Written and performed by: Carrie Fisher. At: Bank of America Theatre, 18 W. Monroe St. Phone: 800-775-2000; $25-$65. Runs through: Oct. 16
It's almost too easy to feel bad for Carrie Fisher. She's battled prescription drug abuse, alcoholism and bipolar disorder; her lineage has been so marred by Hollywood scandal that it's more akin to a family tumbleweed. And it surely would've been enough just to have a likeness forever and inextricably linked to Star Wars heroine and geek goddess Princess Leia.
Yet Fisher asks for no sympathy in Wishful Drinking, her one-woman comedy show, now in its sixth year and passing through the Bank of America Theatre for a two-week engagement. In fact, the only thing Fisher requests is some audience participation, and even then she plainly states she doesn't care what you do or think, though chances are you might be struck enough by her candid and self-deprecating display to play along.
Wishful Drinking plays more as a calculated and wry stand-up routine, where the success hinges as much on Fisher's ability to break down the wall between herself and the audience and turn a huge theater into an intimate performance space as it does on the material that is her roller-coaster life.
This public forum for her unabashed attitude toward her tabloid-chronicled past could well be a personal coping mechanism scripted and staged for monetary gain, but she provides the audience some refreshing transparency into the celebrity psyche. More importantly, she delivers her unapologetic discourse with the sincerity of a close friend.
Fisher touches on the whole gamut from her rehab and mental institution stints to the scandalous romances of her parents Eddie Fisher and Debbie Reynolds to her own love life including relationships with legendary songwriter Paul Simon and Bryan Lourd, who gave Fisher her daughter Billie and announced he was gay. She carries a commendable sense of humor through each and every topic and drives home the point of "How could anyone not?"

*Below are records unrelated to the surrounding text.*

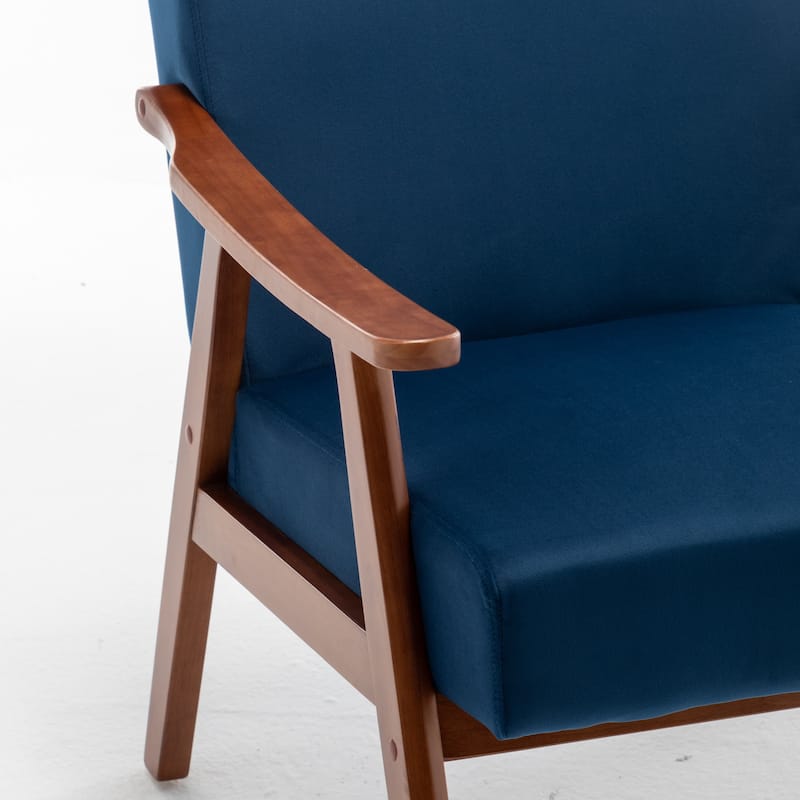 Extra-Thick Backrest Accent Chair with Solid Wood Frame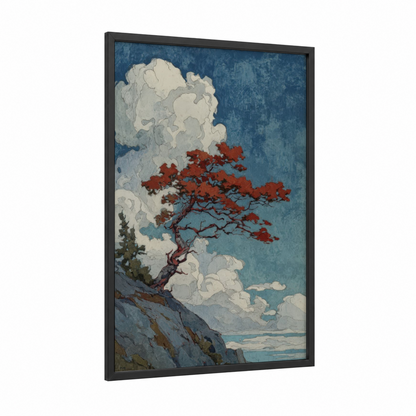 Crimson Arbutus framed arbutus tree print — black wood frame — blue and red palette
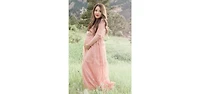 Pinkblush Women's Burgundy Lace Mesh Overlay Maxi Dress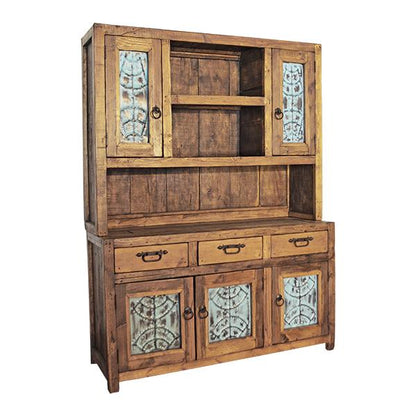 Silver Hill Tin Panel Farmhouse Hutch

For all the self-mockery, however, Fisher tastefully indulges her fans through a number of Star Wars bits. As she also shares with the audience, when you're stuck with an image or label, you wear it proudly, even if wearing it literally means a cinnamon-bun braided hairdo. Of course as much as she appeases the audience with Leia routine, she can't help but make fun of the acting deficiencies and naivety of her then-19-year-old self. With abundant sarcasm she jabs at George Lucas and thanks him for the countless self-image problems that come with being immortalized as a geek sex symbol. As with the rest of her act, it shows how age tears at celebrity, but with it comes a seasoned knowledge and the perspective necessary to cope.
Wishful Drinking aims to be a crowd-pleaser that Fisher supplements with terrific wit and a great measure of insight that for all her issues reminds us this was the woman who wrote Postcards from the Edge among other books. Her life might have been a mess, but few of today's tabloid magnets have half her wit or self-awareness.
So while her glimpse behind the celebrity curtain might be dated in terms of material, given the exposure of today's high-profile Hollywood figures and consequently the extra shroud of privacy and PR spin, for anyone who has lived that experience to come out and present it in such a way that doesn't talk down to its audience feels like a real treat. Fisher might be laughing at herself, but we're laughing with her.